In part one of this blog series, we covered the benefits of performing energy assessments and the useful life of wind and solar assets to optimize valuation of renewable energy projects. Today’s blog will focus on the repowering of wind farms and the O&M costs related to these renewable energy projects.
Repowering of wind projects has emerged as a hot topic and potential value driver in the U.S. market, given the possibility of recapturing PTCs if the project owner has established a means of qualification, such as buying new turbine components. Full repowering entails complete replacement of all turbine components; effectively redesigning and constructing a new project on an existing site to leverage permits, land leases, and interconnection. Partial repowering refers to the replacement of certain turbine components (e.g. nacelle and rotor) and re-use of other existing components (e.g. foundation and tower). In both cases, the replacement turbines are often of higher rating, larger rotor diameter, and greater efficiency.

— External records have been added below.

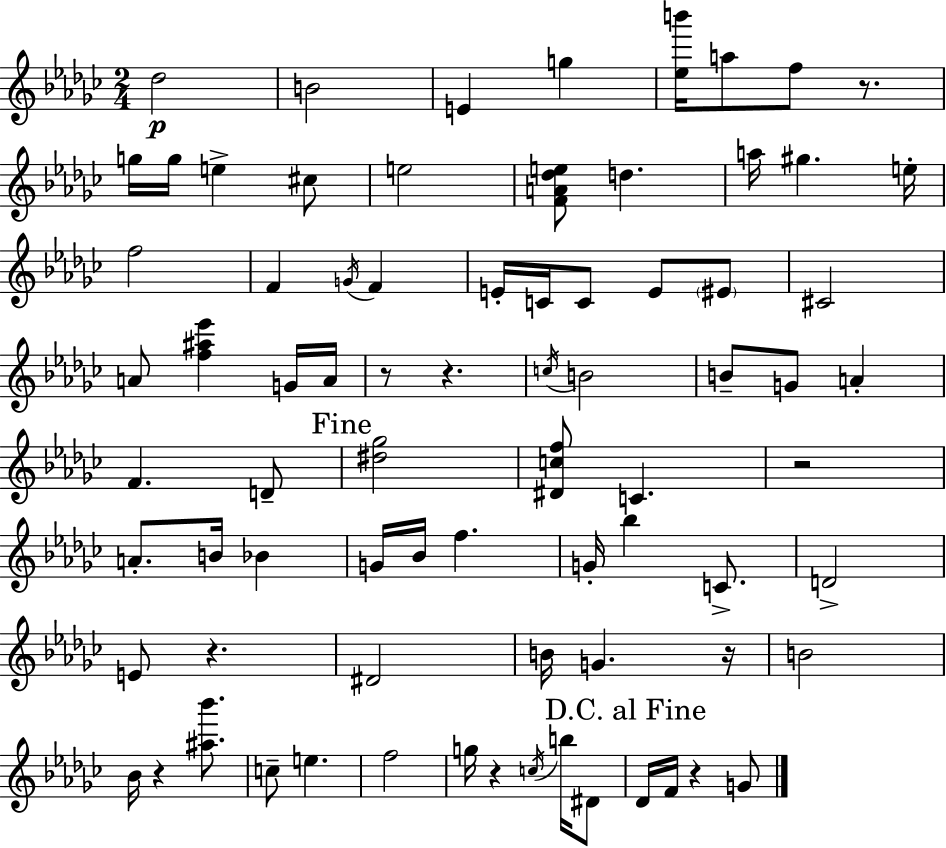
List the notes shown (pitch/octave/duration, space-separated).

Db5/h B4/h E4/q G5/q [Eb5,B6]/s A5/e F5/e R/e. G5/s G5/s E5/q C#5/e E5/h [F4,A4,Db5,E5]/e D5/q. A5/s G#5/q. E5/s F5/h F4/q G4/s F4/q E4/s C4/s C4/e E4/e EIS4/e C#4/h A4/e [F5,A#5,Eb6]/q G4/s A4/s R/e R/q. C5/s B4/h B4/e G4/e A4/q F4/q. D4/e [D#5,Gb5]/h [D#4,C5,F5]/e C4/q. R/h A4/e. B4/s Bb4/q G4/s Bb4/s F5/q. G4/s Bb5/q C4/e. D4/h E4/e R/q. D#4/h B4/s G4/q. R/s B4/h Bb4/s R/q [A#5,Bb6]/e. C5/e E5/q. F5/h G5/s R/q C5/s B5/s D#4/e Db4/s F4/s R/q G4/e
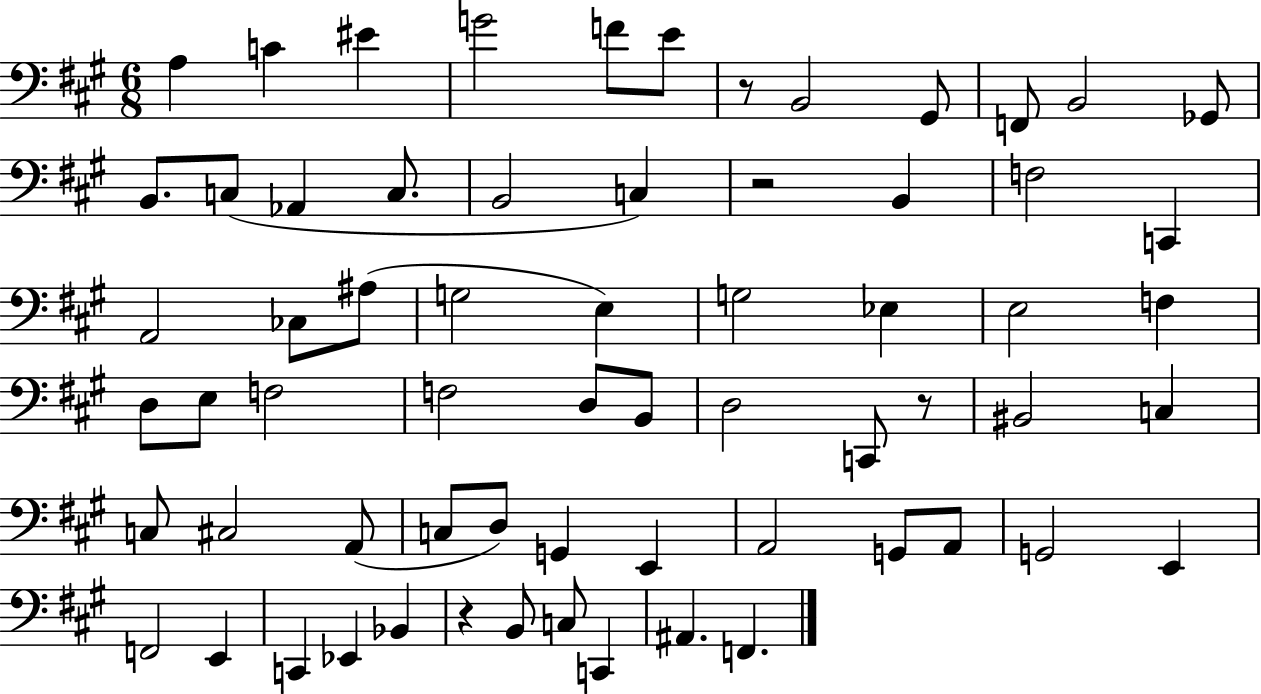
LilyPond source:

{
  \clef bass
  \numericTimeSignature
  \time 6/8
  \key a \major
  a4 c'4 eis'4 | g'2 f'8 e'8 | r8 b,2 gis,8 | f,8 b,2 ges,8 | \break b,8. c8( aes,4 c8. | b,2 c4) | r2 b,4 | f2 c,4 | \break a,2 ces8 ais8( | g2 e4) | g2 ees4 | e2 f4 | \break d8 e8 f2 | f2 d8 b,8 | d2 c,8 r8 | bis,2 c4 | \break c8 cis2 a,8( | c8 d8) g,4 e,4 | a,2 g,8 a,8 | g,2 e,4 | \break f,2 e,4 | c,4 ees,4 bes,4 | r4 b,8 c8 c,4 | ais,4. f,4. | \break \bar "|."
}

Partial repowering requires careful evaluation of reused components and foundations, since the same considerations as for extended life operation apply. Some turbine manufacturers offer warranty or certification of turbines in a repowered configuration. However, this is not universal, may be subject to contractual caveats, and does not address risk to turbine foundations. Therefore, the fatigue life should be evaluated based on the turbine and foundation designs and operational history, combined with the expected loading in the repowered configuration. Thanks to advances in blade construction and turbine control systems, in some cases loading in the repowered configuration—even with greater production—may decrease rather than increase, extending expected operating life. Finally, review of the operational history and turbine technology sheds light on the expected maintenance costs and informs decisions regarding O&M strategy to manage risk and optimize cash flows for a repowered project.
O&M costs: Reality Check
For an equity investor, O&M cost assumptions are a key driver for investment returns and must be considered when bidding wind and solar projects. Careful evaluation uncovers the risks of O&M cost increases, as well as potential upsides based on operational history or changes in operational strategy.

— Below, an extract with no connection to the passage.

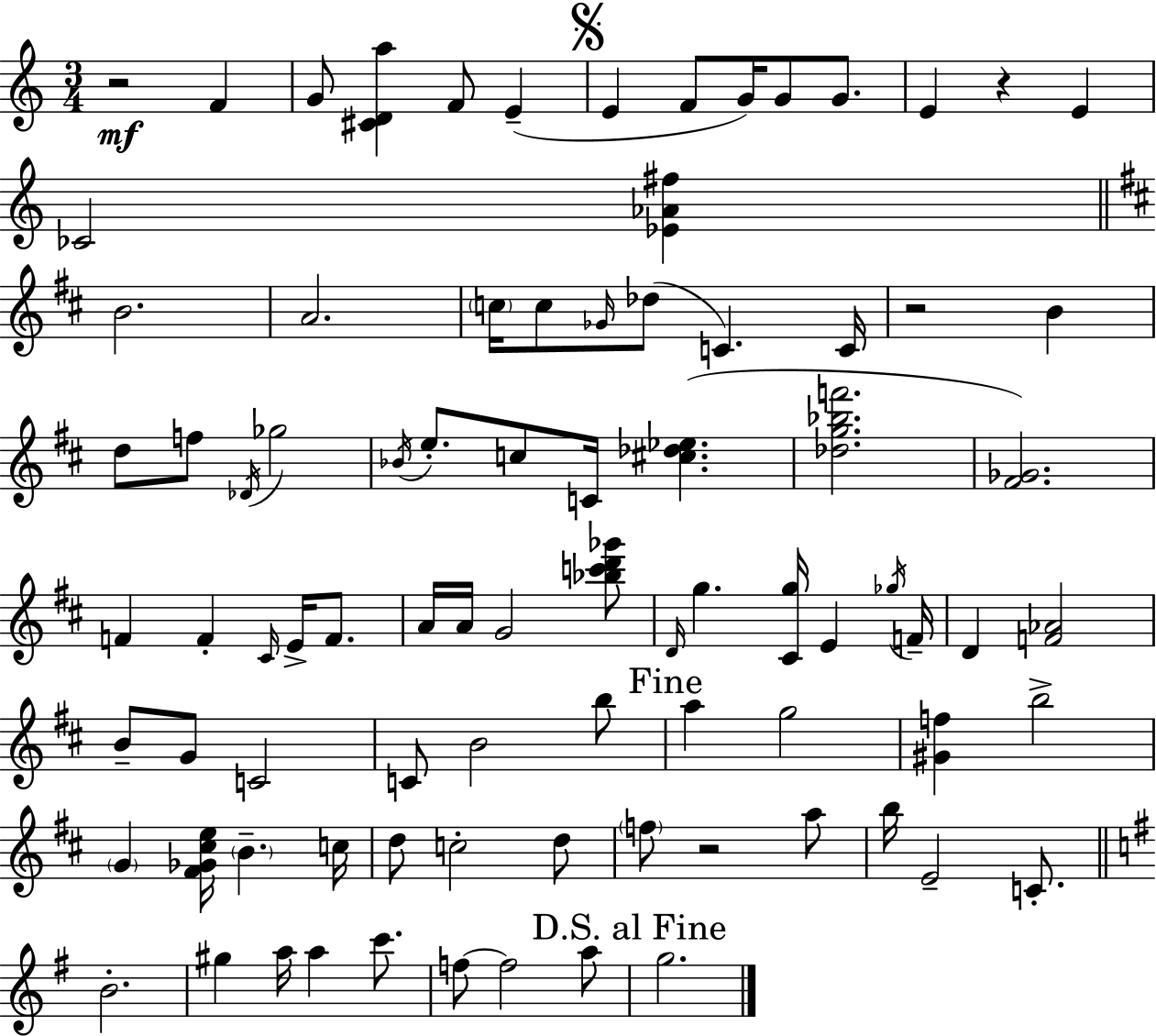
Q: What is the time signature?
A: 3/4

Wind turbines, solar modules and trackers, inverters and other equipment will naturally require additional unscheduled maintenance and inspection as they age. Yet, many bidders assume flat-lined O&M costs in real dollars rather than increased costs over time. This may be appropriate in certain cases, where projects are covered by full-wrap, fixed-price, long-term O&M contracts with robust caps and minimal carve-outs. For many projects, however, it is an optimistic assumption.
Proper technical evaluation of O&M costs yields more accurate valuation of the assets. Understanding the failure rate distributions of individual wind turbine components and combining these with repair costs based on industry data provides intelligence on both the baseline cost estimates, as well as the expected range of such costs. Financial inputs for PV plants should appropriately consider inverter reserve timing and sizing, as well as module replacement plans, considering technology, operational history, and desired useful life. Finally, contractual strategy and terms weigh heavily on incurred O&M costs, and may offer opportunities to mitigate risk (e.g. reallocation of risk to an O&M provider), or reduce costs (e.g. transitioning to a self-perform arrangement).
Understanding realistic expectations for project O&M costs need not constrain a commercial bidding strategy. Rather, savvy bidders can use such intelligence to quantify their risks, evaluate realistic upside potential, and inform decisions about asset valuation for bid purposes commensurate with their risk tolerance.